“India’s own Democratic Erosion: Declining Secularism and Pluralism” by Anne Pfeifenberger @ Skidmore College
Current conversation in the United States focused on democratic decline represents broader discussion and observation of democracies across the globe. Democratic ranking indexes, such as Freedom House and the Economist Intelligence Unit, draw attention with reports such as “democracy in crisis” and “freedom of speech under attack.” Some of the most robust and seemingly solid democracies have begun to sway following the rise of populists, corruption, economic crises, media crackdowns, attrition, and other, perhaps seemingly innocuous, reforms.
India is one such state that is often praised for its large and “robust” democracy. The world’s largest democracy with over 1 billion people was established relatively quickly following independence from Great Britain. While the interim years were marked by horrific bloodshed and migration between India and the newly formed Pakistan, a constitution sought to address the most pressing issues: establishing fundamental civil rights, disabling the hierarchical caste system, creating equal opportunity and economic growth, decreasing economic inequality, addressing religious divides by creating a secular government, and carrying out free and fair elections. In 1950, the new constitution passed and created a secular parliamentary democracy with an independent judiciary.
While strides have been taken in certain areas, many of the same issues persist and are contributing to current democratic backsliding. Caste and Religious divides, political corruption, and, more recently threats to media freedom and civil society raise concerns of India’s democratic trajectory. Between 2016 and 2018 India fell in Freedom House’s index from “free” to “partly free,” the Economist Intelligence Unit dropped India’s ranking and rating to a “flawed democracy” between 2016 and 2017, and Reporters without Borders dropped India’s ranking 3 places regarding media freedom and censorship.
The source of decline is largely connected to religious identification, declining pluralism, and diminishing governmental secularism. Relationships between the Hindu majority and Muslim, among other, minorities have not improved and begun to degrade most noticeably since the 2002 Gujarat riots. The Hindu-Muslim riots resulted in over 1,100 deaths, the displacement of 150,000 people, the destruction of 20,000 Muslim homes and businesses, and 360 places of worship. India’s current Prime Minister, Narendra Modi, was the state’s chief minister at the time and was criticized for inciting violence and inadequate response. The events in Gujarat set a ton of religious bias around Modi, a perception only enhanced by being a politician of the Bharatiya Janata Party (BJP).
The BJP’s identity is in line with that of a religious and Hindutva ideology, which considers non-Hindus or those belonging to religions that do not see India as their holy land as full citizens. With the slow dissolution of the caste system and the development of communication technology, may citizens have begun to regard religion as a primary form of identity. The 2000s saw and a further rise in popularity of a right-wing neo-nationalist Hindu front.
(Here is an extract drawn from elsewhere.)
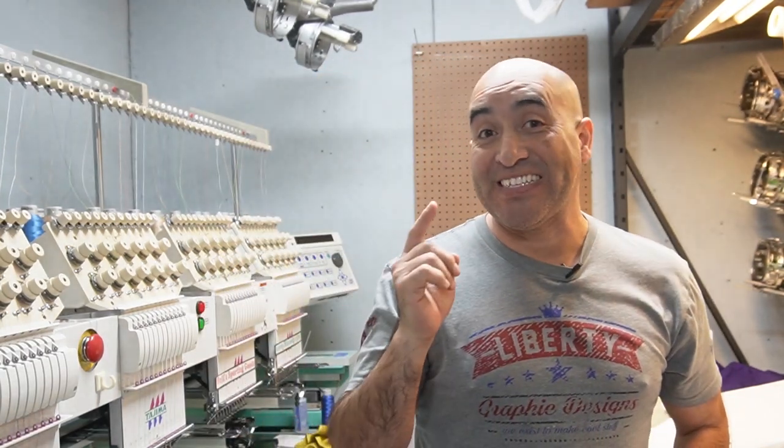Hey guys, how you doing? This is Juan with Liberty Graphic Designs. Today we're going to be embroidering a couple of Sherpa vests, so don't go anywhere.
The BJP was able to secure a majority in the 2014 election using Modi as the figurative image of the party. This was a step away from previous elections that had a party, rather than candidate, focus. Combined with the right-wing Hindu supporters and broader electorate, by setting aside religious messages in favor of economic growth, reforms, and development, Modi and the BJP came to power. While candidate focused campaigns are the norm in the United States, the technology, media, and candidate driven campaign that Modi engaged in was a definitive step away from Indian political party norms and edged on populist rhetoric.
The first years of Modi’s presidency were marked by efforts to resolve the issues that he campaigned on, with greater focus on a development and economic, rather than cultural or religious, agenda. However, since the election, and 2016 especially, secularism and religious equality have continued to decline.
Communal violence and anti-Muslim sentiment has continued to increase since the 2014 election. Though the number of deaths due to communal violence has fallen, the number of incidents has increased overall, with Muslims disproportionately likely to be injured or killed. The rise may in fact be due to right-wind Hindu nationalists, who have instigated many of the clashes, feel legitimized by Modi’s election.
The rise in violence against Muslims is not instigated directly by federal or state governments. However, as Modi and the BJP have continued into their term, their actions have slowly begun to shift back to the party’s religio-cultural platform. 2015 and 2017 saw the tightening of cow slaughter laws in the states of Maharashtra and Gujarat, and the subject played an important role in the most recent Bihar and Uttar Pradesh elections. These laws reflect increasing violence against Muslims relating to cow slaughter. Since Modi’s 2014 election, there have been at least 61 attacks, with 37 additional incidents occurring in 2017 alone.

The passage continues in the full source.